U.S. Walks Out of Military Cost-Sharing Talks With South Korea
(Bloomberg) -- The U.S. walked out of military cost-sharing talks with South Korea, after the key American ally balked at President Donald Trump’s demands for a five-fold funding increase.
The chief U.S. negotiator, James DeHart, said that the American side cut short talks planned for Tuesday in Seoul because the South Koreans “were not responsive to our request for fair and equitable burden-sharing.” The South Korean foreign ministry said it had expected to discuss “an acceptable range for both counterparts” based on past cost-sharing discussions.
Jeong Eun-bo, who led the South Korean delegation, separately told reporters that talks ended when his American counterparts “left their seats first,” adding the two sides had “quite a big difference in principle.” The current cost-sharing agreement reached earlier this year expires at the end of 2019.
The breakdown raises new questions about one of the U.S.’s closest military alliances and a key piece of the Pentagon’s strategy for countering North Korea and a rising China. Trump sent a high-powered mission led by Defense Secretary Mark Esper to Seoul last week to try to convince President Moon Jae-in’s government to pay more for hosting U.S. troops.
Trump has demanded South Korea contribute about $5 billion for hosting U.S. troops, well above the current one-year deal where Seoul pays about $1 billion. The price tag originated with the White House, according to people familiar with the matter, and administration officials justify it by saying it reflects the costs South Korea would incur if it takes operational control of combined U.S.-South Korean forces in the case of a conflict.
Trump has repeatedly expressed frustration with the open-ended troop deployment, saying after his first meeting with North Korean leader Kim Jong Un last year that he would “like to bring them back home, but that’s not part of the equation right now.” At the same time, he has accepted a long-standing Kim demand and suspended major joint military exercises that the two sides have relied on to maintain readiness.

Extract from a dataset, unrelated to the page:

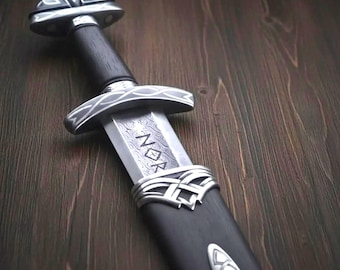 Handmade Damascus Steel Viking Sword: Ragnar Lothbrok Replica with Leather Scabbard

|A recent history of U.S.-South Korea funding talks:|
The request for more money hasn’t sat well in South Korea, where many in Moon’s progressive camp and opposition conservatives have come out against demands seen as excessive. Moon, facing a sagging support rate, may not want to make any major concessions that further dent his popularity ahead of an election for parliament next year.
“I’m not going to prognosticate or speculate on what we may or may not do,” Esper said when asked during a briefing Tuesday in Manila about whether the U.S. would consider reducing troop levels on the Korean Peninsula. “The State Department has the lead in these discussions, and I’m sure they are in capable hands. We just take this one step at a time.”
The U.S. has about 28,500 service members in South Korea who help protect the country from the likes of North Korea, one of the world’s most militarized states.
“We cut short our participation in the talks today in order to give the Korean side some time to reconsider and I hope to put forward new proposals that would enable both sides to work towards a mutually acceptable agreement in the spirit of our great alliance,” said DeHart, a senior State Department adviser for security negotiations and agreements.